Jeremy Johnson is Co-Founder and Chief Marketing Officer of 2tor, an education-technology company that partners with institutions of higher education such as Georgetown, UNC Chapel Hill ,and USC to deliver online degree programs. He has lectured at Princeton, Pace, and Fordham and is a board member of the Young Entrepreneur Council.
"As a start up, relationships are your most valuable currency and the most important ones often begin unexpectedly.
A few summers ago, 2tor was in its infancy and sharing office space at Rose Tech Ventures in New York City's Flatiron District. The good people at Rose Tech invited us to join a paintball event where local startups would compete against one another, but we didn't have enough people to enter as a full team.

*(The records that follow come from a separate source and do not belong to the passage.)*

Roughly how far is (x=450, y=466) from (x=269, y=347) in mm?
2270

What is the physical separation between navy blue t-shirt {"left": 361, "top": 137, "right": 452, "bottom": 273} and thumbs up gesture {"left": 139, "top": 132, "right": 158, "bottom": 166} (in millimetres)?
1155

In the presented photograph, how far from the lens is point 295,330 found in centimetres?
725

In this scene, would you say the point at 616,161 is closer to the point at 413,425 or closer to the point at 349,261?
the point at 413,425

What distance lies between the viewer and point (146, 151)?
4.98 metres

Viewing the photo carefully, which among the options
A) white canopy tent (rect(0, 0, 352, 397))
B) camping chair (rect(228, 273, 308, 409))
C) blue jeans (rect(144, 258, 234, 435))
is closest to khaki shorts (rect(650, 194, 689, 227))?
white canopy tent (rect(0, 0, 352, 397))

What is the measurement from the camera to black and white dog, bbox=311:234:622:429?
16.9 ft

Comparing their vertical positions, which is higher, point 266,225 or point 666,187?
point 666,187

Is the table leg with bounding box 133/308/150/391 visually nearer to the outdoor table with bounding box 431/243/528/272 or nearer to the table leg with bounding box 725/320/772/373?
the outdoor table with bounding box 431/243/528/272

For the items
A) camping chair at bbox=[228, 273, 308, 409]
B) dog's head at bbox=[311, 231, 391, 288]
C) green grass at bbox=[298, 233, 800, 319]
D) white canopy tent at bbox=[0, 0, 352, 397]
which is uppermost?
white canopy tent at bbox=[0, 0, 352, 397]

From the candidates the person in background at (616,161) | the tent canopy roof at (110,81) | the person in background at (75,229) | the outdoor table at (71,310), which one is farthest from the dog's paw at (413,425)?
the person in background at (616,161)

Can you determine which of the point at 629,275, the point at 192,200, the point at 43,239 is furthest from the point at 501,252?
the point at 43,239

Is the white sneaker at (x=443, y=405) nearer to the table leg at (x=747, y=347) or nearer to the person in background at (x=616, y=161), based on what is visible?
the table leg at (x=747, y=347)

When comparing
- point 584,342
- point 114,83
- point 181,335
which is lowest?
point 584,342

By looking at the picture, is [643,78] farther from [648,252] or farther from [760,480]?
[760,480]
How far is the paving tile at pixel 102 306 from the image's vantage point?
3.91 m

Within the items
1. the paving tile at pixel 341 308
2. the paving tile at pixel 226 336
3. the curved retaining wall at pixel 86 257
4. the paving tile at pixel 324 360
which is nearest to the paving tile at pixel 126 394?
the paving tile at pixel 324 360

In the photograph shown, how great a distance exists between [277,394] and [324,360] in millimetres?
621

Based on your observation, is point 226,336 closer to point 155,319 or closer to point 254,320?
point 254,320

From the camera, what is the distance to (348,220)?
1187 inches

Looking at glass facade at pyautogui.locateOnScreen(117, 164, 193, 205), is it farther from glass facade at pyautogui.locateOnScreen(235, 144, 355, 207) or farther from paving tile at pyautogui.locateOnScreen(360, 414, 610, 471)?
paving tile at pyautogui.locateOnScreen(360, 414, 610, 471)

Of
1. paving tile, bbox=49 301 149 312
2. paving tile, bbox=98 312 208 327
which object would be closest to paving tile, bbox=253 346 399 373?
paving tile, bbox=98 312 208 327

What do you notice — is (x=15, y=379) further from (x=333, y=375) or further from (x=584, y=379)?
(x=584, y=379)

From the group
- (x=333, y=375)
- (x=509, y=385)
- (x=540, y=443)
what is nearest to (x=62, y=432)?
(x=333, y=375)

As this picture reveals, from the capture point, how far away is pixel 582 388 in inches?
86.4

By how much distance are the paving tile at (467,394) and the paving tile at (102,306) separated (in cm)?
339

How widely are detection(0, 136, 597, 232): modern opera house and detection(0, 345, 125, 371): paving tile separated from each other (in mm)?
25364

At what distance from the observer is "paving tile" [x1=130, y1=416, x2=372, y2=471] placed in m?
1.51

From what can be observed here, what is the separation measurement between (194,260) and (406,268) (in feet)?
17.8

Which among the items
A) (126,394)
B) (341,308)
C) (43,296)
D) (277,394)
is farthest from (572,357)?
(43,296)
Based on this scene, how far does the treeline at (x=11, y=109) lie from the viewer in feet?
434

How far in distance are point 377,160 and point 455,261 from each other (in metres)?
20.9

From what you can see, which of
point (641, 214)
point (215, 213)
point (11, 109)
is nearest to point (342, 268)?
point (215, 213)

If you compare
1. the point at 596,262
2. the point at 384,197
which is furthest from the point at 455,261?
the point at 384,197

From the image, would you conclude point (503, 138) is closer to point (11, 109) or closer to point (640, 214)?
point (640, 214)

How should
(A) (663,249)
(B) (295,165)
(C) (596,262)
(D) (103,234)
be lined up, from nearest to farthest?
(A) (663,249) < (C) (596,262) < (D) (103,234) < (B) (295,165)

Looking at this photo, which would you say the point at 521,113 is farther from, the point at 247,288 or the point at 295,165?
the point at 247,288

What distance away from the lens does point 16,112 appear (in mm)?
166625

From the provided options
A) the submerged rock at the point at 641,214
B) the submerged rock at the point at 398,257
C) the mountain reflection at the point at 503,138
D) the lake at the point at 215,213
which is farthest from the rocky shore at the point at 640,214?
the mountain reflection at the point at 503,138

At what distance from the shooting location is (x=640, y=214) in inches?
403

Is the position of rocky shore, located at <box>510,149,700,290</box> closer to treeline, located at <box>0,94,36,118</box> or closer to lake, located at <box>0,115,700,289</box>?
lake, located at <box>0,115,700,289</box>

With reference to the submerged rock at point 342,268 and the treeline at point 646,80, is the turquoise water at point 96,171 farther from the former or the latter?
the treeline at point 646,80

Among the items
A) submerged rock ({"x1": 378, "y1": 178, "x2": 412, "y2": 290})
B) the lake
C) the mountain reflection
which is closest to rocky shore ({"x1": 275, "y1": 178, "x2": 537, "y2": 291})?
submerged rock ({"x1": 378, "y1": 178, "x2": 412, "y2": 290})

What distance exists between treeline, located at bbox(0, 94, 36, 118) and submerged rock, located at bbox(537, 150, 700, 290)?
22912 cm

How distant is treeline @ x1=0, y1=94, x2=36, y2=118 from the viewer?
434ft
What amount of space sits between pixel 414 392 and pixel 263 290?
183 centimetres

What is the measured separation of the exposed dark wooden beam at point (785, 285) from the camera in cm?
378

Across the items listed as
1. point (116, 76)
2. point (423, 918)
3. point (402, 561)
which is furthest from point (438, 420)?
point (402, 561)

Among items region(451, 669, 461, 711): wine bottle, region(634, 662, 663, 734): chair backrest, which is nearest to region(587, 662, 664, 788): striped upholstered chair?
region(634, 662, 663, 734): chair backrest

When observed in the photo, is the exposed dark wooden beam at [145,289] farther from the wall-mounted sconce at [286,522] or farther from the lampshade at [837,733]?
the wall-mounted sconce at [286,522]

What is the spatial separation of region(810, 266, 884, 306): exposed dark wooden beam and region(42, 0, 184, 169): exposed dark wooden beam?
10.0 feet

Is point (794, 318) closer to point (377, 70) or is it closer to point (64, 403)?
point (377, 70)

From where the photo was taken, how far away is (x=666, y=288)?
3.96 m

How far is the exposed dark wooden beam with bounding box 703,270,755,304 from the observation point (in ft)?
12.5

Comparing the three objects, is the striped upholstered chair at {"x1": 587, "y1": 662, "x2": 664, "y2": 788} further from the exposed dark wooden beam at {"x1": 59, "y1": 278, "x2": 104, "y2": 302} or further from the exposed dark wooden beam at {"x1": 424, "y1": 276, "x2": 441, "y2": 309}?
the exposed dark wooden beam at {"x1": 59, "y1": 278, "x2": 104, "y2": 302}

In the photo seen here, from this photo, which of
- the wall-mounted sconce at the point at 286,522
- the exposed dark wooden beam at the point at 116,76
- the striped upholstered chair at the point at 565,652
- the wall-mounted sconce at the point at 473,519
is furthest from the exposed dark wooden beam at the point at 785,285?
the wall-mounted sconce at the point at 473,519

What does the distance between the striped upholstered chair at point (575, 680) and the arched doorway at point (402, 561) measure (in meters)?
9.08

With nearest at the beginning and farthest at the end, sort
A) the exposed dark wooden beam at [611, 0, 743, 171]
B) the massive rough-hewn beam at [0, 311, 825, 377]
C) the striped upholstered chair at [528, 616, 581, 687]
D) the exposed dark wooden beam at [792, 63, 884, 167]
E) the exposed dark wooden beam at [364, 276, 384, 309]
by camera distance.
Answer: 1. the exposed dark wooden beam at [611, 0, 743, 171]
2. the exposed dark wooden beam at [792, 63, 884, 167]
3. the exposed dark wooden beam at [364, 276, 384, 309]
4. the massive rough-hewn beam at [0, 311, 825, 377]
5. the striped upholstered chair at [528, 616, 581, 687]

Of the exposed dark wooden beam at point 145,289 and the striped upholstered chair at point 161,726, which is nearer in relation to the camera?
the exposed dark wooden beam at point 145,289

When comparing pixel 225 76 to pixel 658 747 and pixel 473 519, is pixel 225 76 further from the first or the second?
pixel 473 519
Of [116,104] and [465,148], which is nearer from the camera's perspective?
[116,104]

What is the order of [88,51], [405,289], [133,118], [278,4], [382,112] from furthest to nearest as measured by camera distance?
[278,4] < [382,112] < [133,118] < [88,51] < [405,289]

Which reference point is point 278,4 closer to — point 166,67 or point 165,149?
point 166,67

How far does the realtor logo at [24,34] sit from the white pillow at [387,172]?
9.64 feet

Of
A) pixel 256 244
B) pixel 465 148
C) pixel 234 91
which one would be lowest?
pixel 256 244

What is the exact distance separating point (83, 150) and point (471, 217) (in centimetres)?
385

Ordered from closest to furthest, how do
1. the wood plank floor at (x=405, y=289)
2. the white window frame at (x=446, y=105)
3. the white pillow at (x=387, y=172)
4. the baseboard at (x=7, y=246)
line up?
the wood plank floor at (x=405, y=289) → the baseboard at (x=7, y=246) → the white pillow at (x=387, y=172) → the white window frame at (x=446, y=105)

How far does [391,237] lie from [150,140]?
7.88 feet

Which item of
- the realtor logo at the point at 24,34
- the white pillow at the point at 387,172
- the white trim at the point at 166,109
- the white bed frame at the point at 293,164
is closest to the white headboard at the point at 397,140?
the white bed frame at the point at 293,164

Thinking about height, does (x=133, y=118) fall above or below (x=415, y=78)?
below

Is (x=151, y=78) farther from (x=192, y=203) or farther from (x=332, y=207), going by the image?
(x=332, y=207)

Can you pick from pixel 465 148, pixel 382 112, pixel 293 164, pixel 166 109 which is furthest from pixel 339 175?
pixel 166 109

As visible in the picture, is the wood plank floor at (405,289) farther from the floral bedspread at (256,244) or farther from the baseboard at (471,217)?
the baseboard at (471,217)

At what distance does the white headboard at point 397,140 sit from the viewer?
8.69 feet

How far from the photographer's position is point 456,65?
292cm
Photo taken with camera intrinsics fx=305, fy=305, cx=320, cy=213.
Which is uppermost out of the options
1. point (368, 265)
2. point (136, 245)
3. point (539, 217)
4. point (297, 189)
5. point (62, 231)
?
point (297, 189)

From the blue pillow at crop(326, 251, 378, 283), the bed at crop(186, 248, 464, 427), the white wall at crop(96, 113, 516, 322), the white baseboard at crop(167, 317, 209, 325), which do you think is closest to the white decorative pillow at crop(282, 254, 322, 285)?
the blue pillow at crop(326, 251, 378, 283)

Khanan Grauer, whose mobile app startup, Touch App Media, was also being incubated at Rose Tech Ventures, willingly joined us.

That day, Khanan and our CTO, James Kenigsberg, struck a friendship based on technology, paintball and amor di patria. Flash forward a few years: James and his team, in conjunction with partners in our Masters in teaching and Masters in social work programs, are beginning to think through what a mobile version of our already award-winning learning management system would look like. Over that time period, Khanan's company has grown into one of the most advanced app development firms in the country. Who do you think James called for help? A few months later, their combined efforts gave birth to the first fully featured mobile learning management system in the world.

The moral, of course, is simple: Everything that matters is between people. Your next business partner or that rock star developer doesn't necessarily have to come from a job board. In fact, the best ones rarely do. In 2tor's three short years, we've hired people we found on Twitter, met at conferences and even an intern or two met over foosball at a local watering hole.

As an entrepreneur, always keep an eye out for great talent, even where you least expect it. In the future, when you find yourself putting in late nights at the office or worrying about that upcoming (daunting) presentation, step outside your comfort zone -- think of the recent chance meetings you've had and, if any of the people you've come across enter your thoughts, reach out. You never know when serendipitous encounters can lead to the next big thing."